Which brings us to a very important point: The narrative should have a theme – lesson, message, point, illumination – that you as the writer are trying to convey to the reader. If you don't know what you're writing about, then there's no way the reader -- or editor -- is going to know, so don't write your story until you know what you're trying to say. Well, let me rephrase this: It's fine to start writing before you know what you want to say, but at some point in the writing process, you have to figure out what you want to say – and then you need to go back and rewrite/reshape your story so that it conveys most evocatively and effectively whatever theme/lesson/point you want to make.
How should the travel narrative be organized? It goes back to the cave-and-campfire scene where one of our adventurous ancestors was describing the hunt for a Gnarly Mastodon. Like that Stone Age storyteller, you should give your narrative a beginning, a middle and an end.
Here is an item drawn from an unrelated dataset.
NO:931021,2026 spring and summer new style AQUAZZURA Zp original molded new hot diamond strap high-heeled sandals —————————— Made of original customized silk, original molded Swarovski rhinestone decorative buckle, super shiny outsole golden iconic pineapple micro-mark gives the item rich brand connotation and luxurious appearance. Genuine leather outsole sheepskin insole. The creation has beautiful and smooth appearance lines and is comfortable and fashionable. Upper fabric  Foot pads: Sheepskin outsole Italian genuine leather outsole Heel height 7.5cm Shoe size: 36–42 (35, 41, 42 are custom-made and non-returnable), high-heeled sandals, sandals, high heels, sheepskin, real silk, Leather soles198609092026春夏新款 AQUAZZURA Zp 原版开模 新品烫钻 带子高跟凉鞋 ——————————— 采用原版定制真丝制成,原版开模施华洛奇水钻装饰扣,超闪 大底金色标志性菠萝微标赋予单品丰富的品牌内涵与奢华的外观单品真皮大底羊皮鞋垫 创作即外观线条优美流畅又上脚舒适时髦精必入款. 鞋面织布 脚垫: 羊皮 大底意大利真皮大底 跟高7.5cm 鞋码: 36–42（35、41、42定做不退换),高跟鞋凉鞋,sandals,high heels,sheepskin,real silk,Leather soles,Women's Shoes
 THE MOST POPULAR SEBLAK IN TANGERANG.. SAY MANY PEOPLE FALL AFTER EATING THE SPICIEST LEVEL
To my mind, these break down like this:
The beginning introduces the place where the story is set and suggests the writer's quest or reason for being there. (To test this notion, I recently looked through the feature stories in the current issues of three prominent travel magazines. In every one, by the end of the fifth or sixth paragraph, the writer had given one sentence that clearly articulated the reason why he/she had come to that place: the quest.)
The middle reveals the writer's experience through a series of scenes that are ordered chronologically or thematically. (Usually, it's easier to arrange these chronologically, but sometimes for dramatic purposes, it makes more sense to organize them thematically. You want to make sure that your anecdotes ascend in power as the story progresses, so if your best anecdotes are from the beginning of the trip, you'll probably not want to tell your tale chronologically.) These anecdotes/incidents/encounters are the critical stepping stones that led you – and so will lead your reader – to the illumination/point/resolution that inspired your story.
The end presents the resolution of the quest and ties the story back to the situation introduced at the beginning. In the best narratives, this creates a kind of closure that gracefully sends the reader back into the world, but enhanced now with the experience and lesson your story imparted.
So, here's what you have to do:
- Figure out what the lesson of your travel experience/story is.
- Figure out what steps led you to learn that lesson.
- Recreate those steps in your mind.
- Recreate those steps in words so the reader can live them with you.
- Craft your tale with a beginning, middle and end that shape and convey your lesson.
Of course, the truth is that success in travel writing is ultimately in the execution, not in the design. But at least having the right design can get you off to a great start. The rest is up to you: First of all, to travel deeply and secondly, to choose and evoke your travel experiences in a way that transports the reader with you.
In this way, every travel narrative is the process of at least two journeys – the journey in the world and the journey in the words.